The combination of sedimentological and palaeontological proxies with oxygen and carbon stable-isotope records has proven to be a powerful tool in advancing our understanding of palaeoclimate and other palaeoenvironmental change through the Palaeozoic, Mesozoic and Cenozoic. However, most records of Phanerozoic environmental change remain largely qualitative.

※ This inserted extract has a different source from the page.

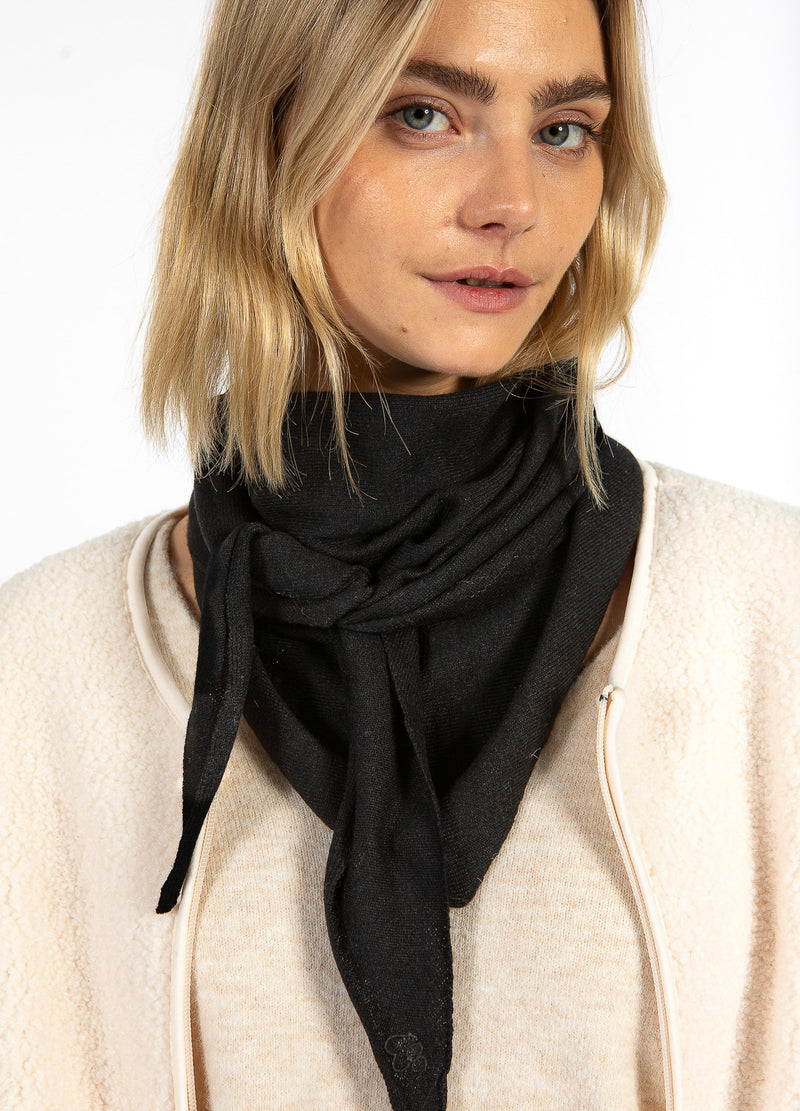 CC Heart CC HEART SOFT CASHMERE TRIANGLE SCARF Accessories Black - 100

Considerable scope now exists for improved quantification and modelling by employing a multi-proxy approach that incorporates traditional sedimentological and palaeontological approaches with newly developed geochemical methods, including: (1) improved palaeotemperature, palaeoclimate and sea-level change records employing Sr, Mn, Mg/Ca and Sr/Ca ratios; productivity proxies using P, Ba, and Cd/Ca ratios; (2) B, Ca, Ge, Li, Mg, Os and Si isotopes to assess variables including palaeoclimate, palaeo-pH, and hydrothermal versus continental weathering fluxes; Nd isotopes to trace ancient water masses; (3) applications of the TEX86 palaeotemperature proxy; C and N isotope studies of biomarkers to devolve terrestrial and marine records of carbon cycle perturbations; biomarker distributions in deep ocean sediments as indicators of photic zone anoxia.
Contributions are sought on all aspects of multi-proxy analysis of Phanerozoic palaeoenvironmental change. Oceanic anoxic events, periods of marked biotic turnover and extinction, and episodes of rapid regional to global climate change, are of particular interest.